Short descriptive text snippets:
════════
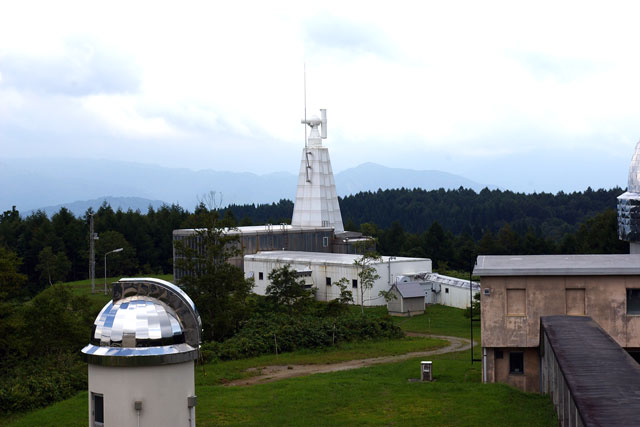 京都大学飛騨天文台ドームレス太陽望遠鏡。
																			   中央の塔上に設置され、ドームによる気流の悪化を防ぐため望遠鏡本体がむき出しになった形状をしている。
																			   望遠鏡がとらえた太陽像は下の垂直型、水平型２種の分光器室へと導かれ、そこで太陽の光を虹のスペクトルに
																			   分光してさまざまな観測を行う。太陽スペクトルの詳しい観測には欠かせない観測施設である。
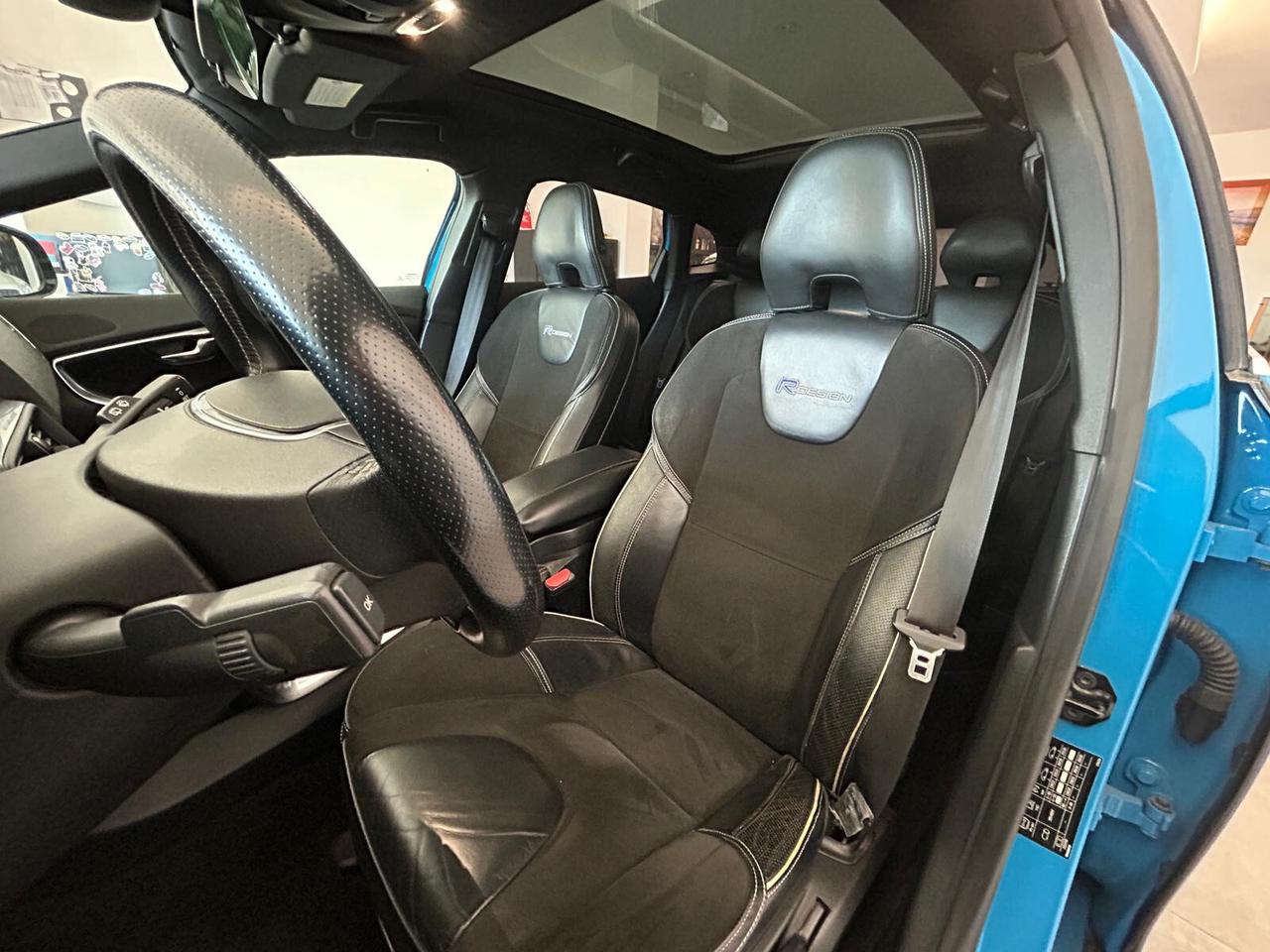 Volvo V40 T3 R-design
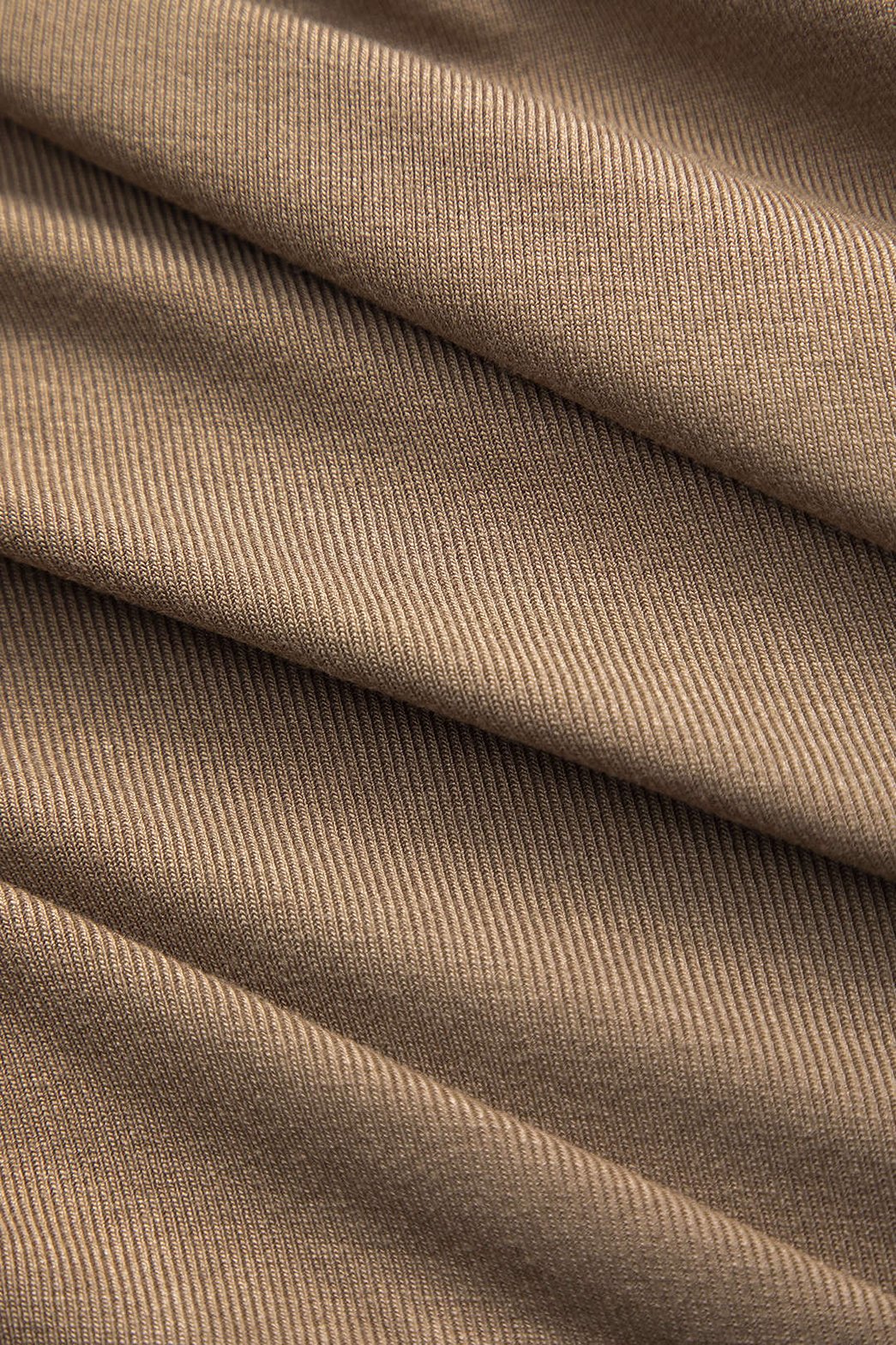 Robe courte plissée beige vue de côté étoile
════════
Requirement: Restate each line of the records exactly; pictures do not belong in the copy.

Task answer:
 京都大学飛騨天文台ドームレス太陽望遠鏡。
																			   中央の塔上に設置され、ドームによる気流の悪化を防ぐため望遠鏡本体がむき出しになった形状をしている。
																			   望遠鏡がとらえた太陽像は下の垂直型、水平型２種の分光器室へと導かれ、そこで太陽の光を虹のスペクトルに
																			   分光してさまざまな観測を行う。太陽スペクトルの詳しい観測には欠かせない観測施設である。
 Volvo V40 T3 R-design
 Robe courte plissée beige vue de côté étoile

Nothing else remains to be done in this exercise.